**Task details:**
Starting with the line with "Volvo V60 2.0 D3 Geartronic - 3" in the entries below and going on through the line with "Faber Hob Fusion 472 SSP CIG", output every line exactly and nothing more. No pictures.

**Data supplied:**
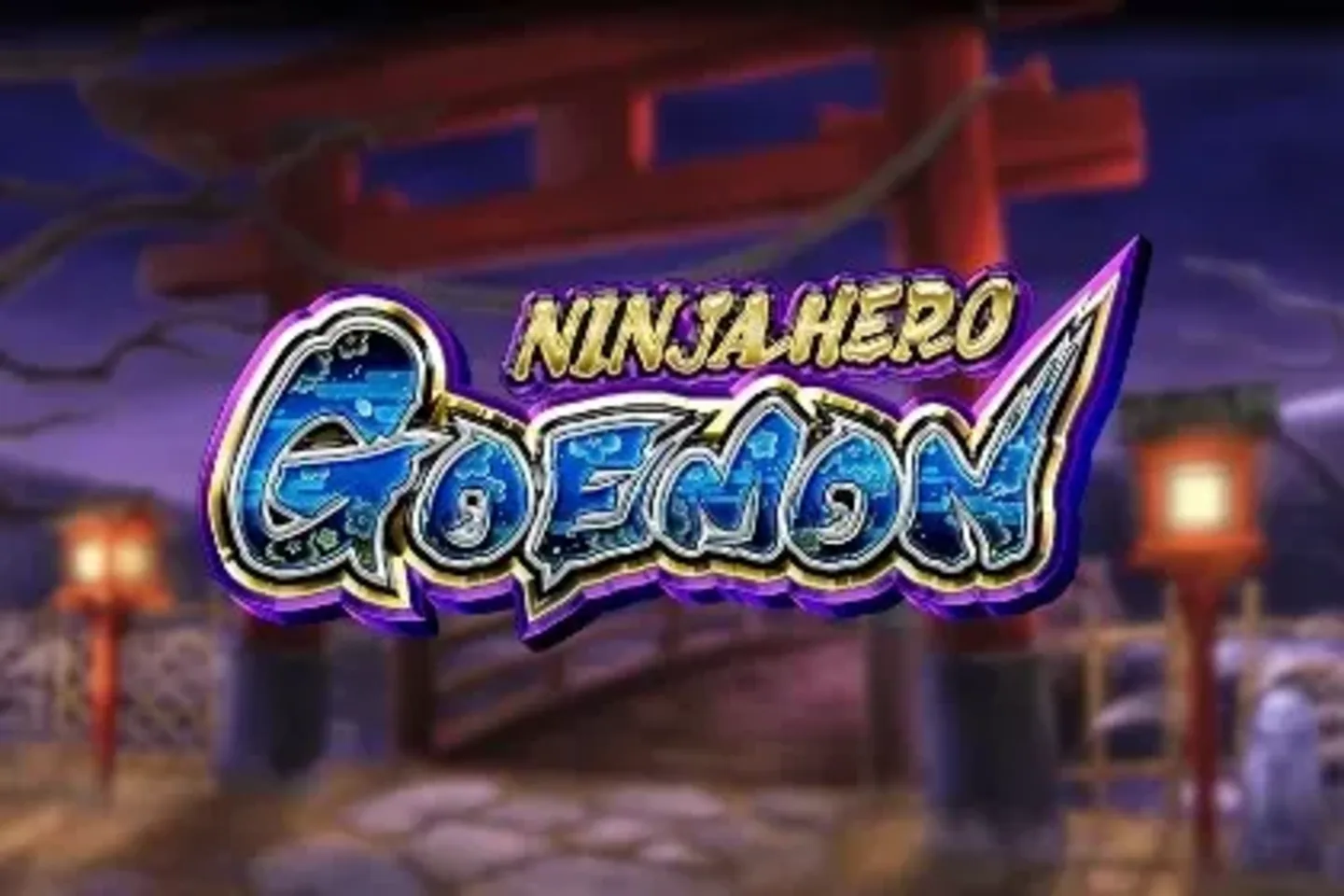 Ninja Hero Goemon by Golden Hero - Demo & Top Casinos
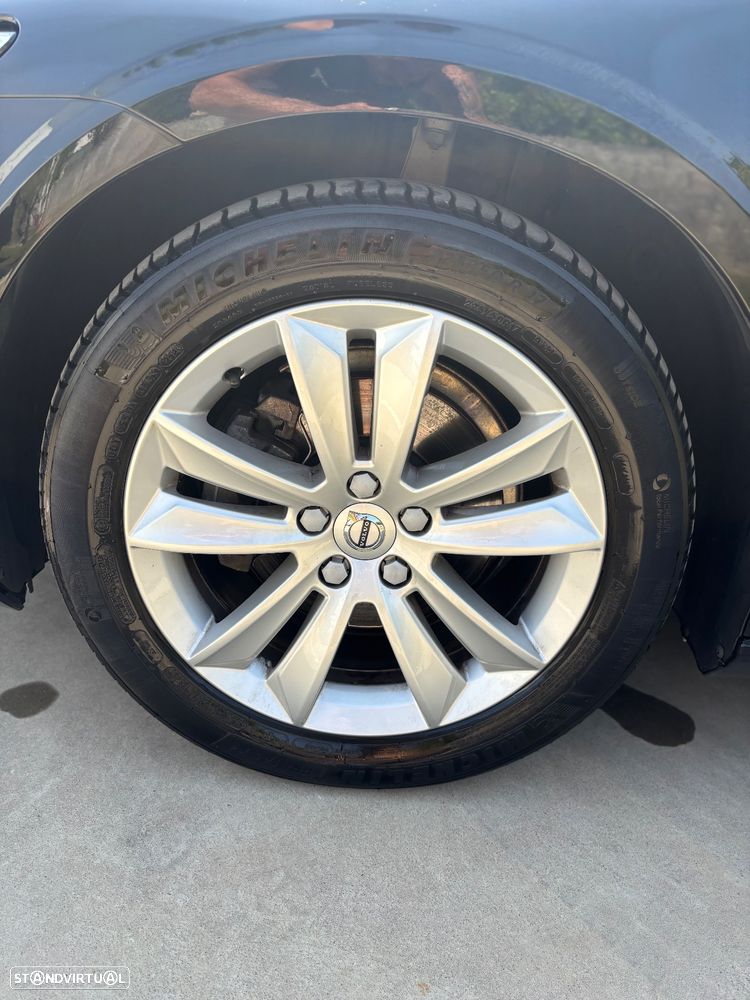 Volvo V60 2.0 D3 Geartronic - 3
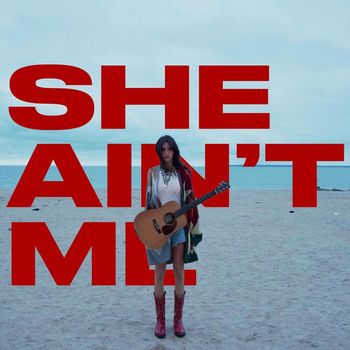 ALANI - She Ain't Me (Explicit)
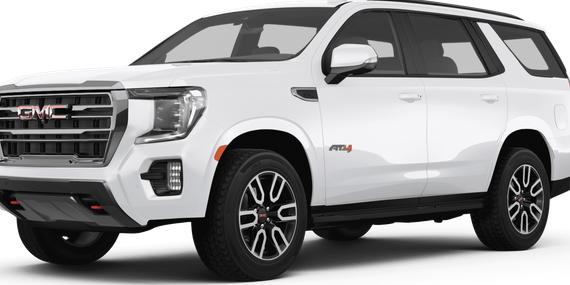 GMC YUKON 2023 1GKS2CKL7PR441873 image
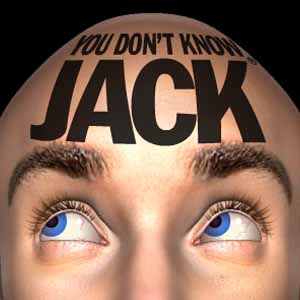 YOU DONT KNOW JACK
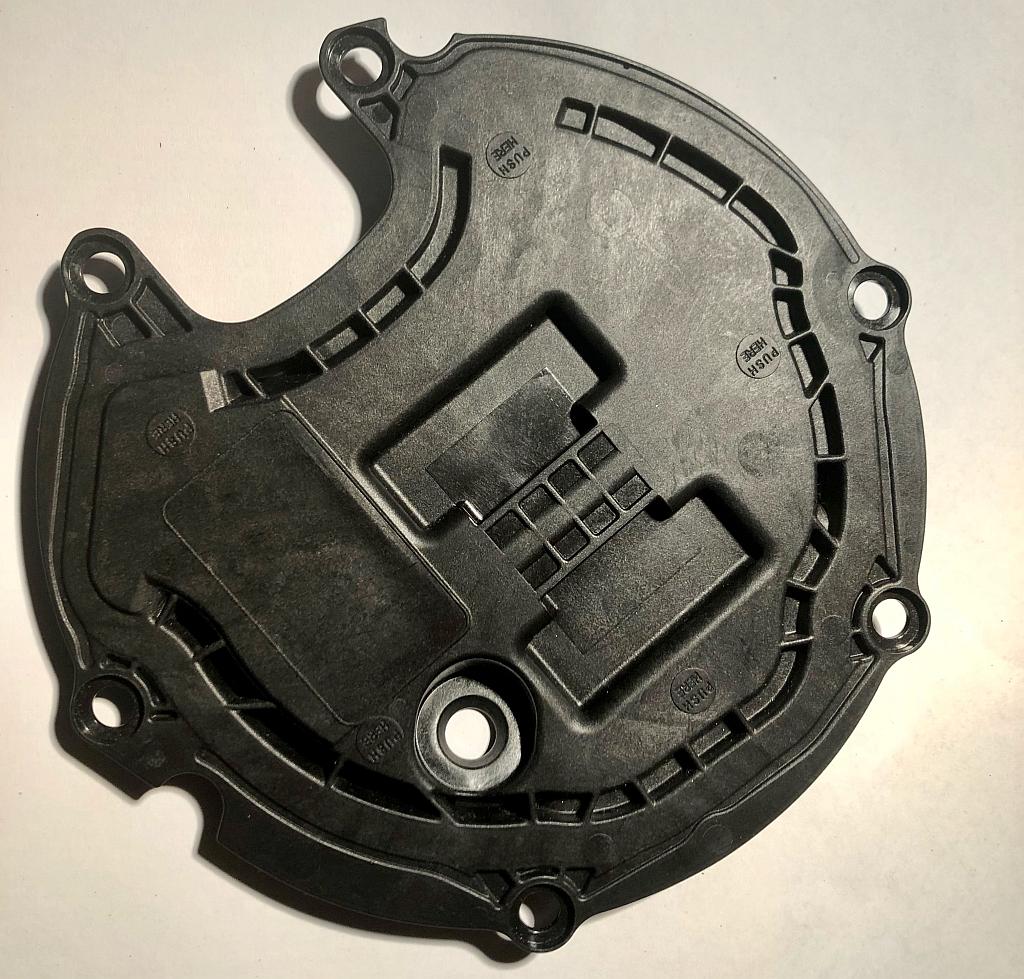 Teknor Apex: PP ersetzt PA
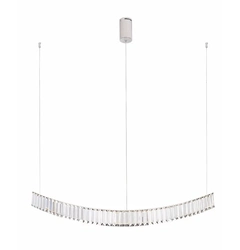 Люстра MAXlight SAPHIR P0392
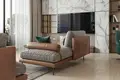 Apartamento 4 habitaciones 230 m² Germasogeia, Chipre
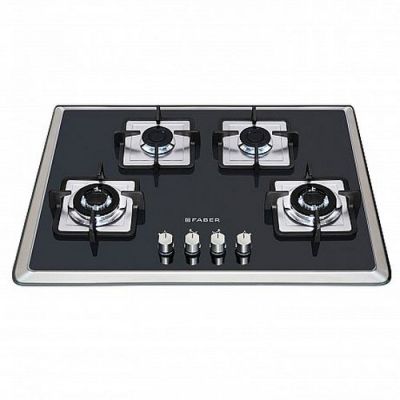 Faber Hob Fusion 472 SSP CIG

==

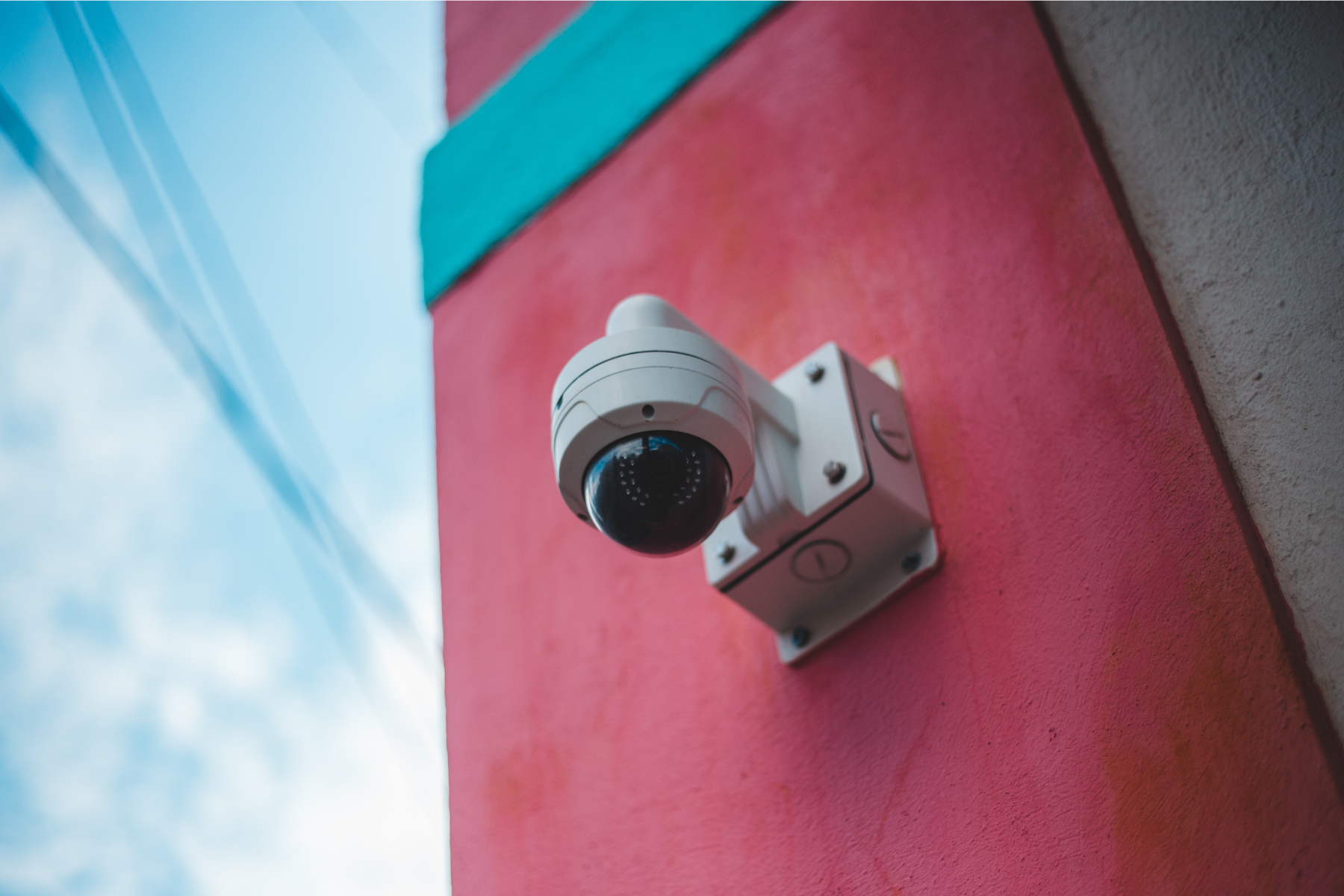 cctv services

**Result:**
 Volvo V60 2.0 D3 Geartronic - 3
 ALANI - She Ain't Me (Explicit)
 GMC YUKON 2023 1GKS2CKL7PR441873 image
 YOU DONT KNOW JACK
 Teknor Apex: PP ersetzt PA
 Люстра MAXlight SAPHIR P0392
 Apartamento 4 habitaciones 230 m² Germasogeia, Chipre
 Faber Hob Fusion 472 SSP CIG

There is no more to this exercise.